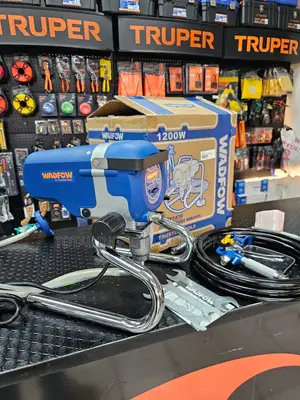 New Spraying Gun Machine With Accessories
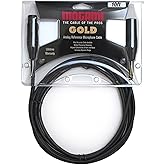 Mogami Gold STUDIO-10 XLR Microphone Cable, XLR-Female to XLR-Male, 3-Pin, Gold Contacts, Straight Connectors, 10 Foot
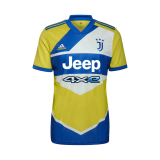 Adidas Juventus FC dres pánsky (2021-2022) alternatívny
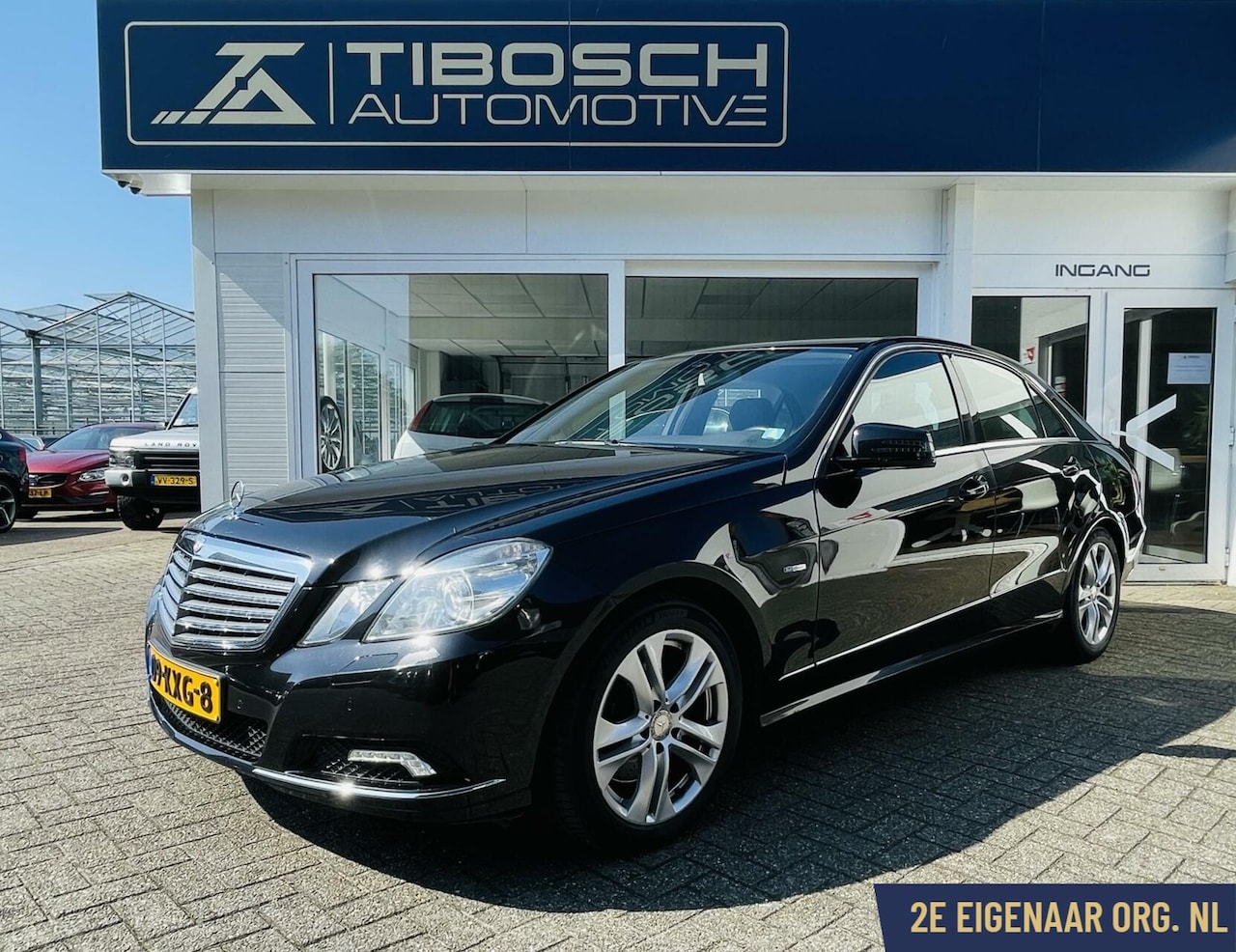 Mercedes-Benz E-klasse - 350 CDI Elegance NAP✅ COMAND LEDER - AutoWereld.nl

_ _ _ _

» EXERCISE PROMPT
Please retype the data exactly as it appears, but without any of its pictures.

» ANSWER SPACE
 New Spraying Gun Machine With Accessories
 Mogami Gold STUDIO-10 XLR Microphone Cable, XLR-Female to XLR-Male, 3-Pin, Gold Contacts, Straight Connectors, 10 Foot
 Adidas Juventus FC dres pánsky (2021-2022) alternatívny
 Mercedes-Benz E-klasse - 350 CDI Elegance NAP✅ COMAND LEDER - AutoWereld.nl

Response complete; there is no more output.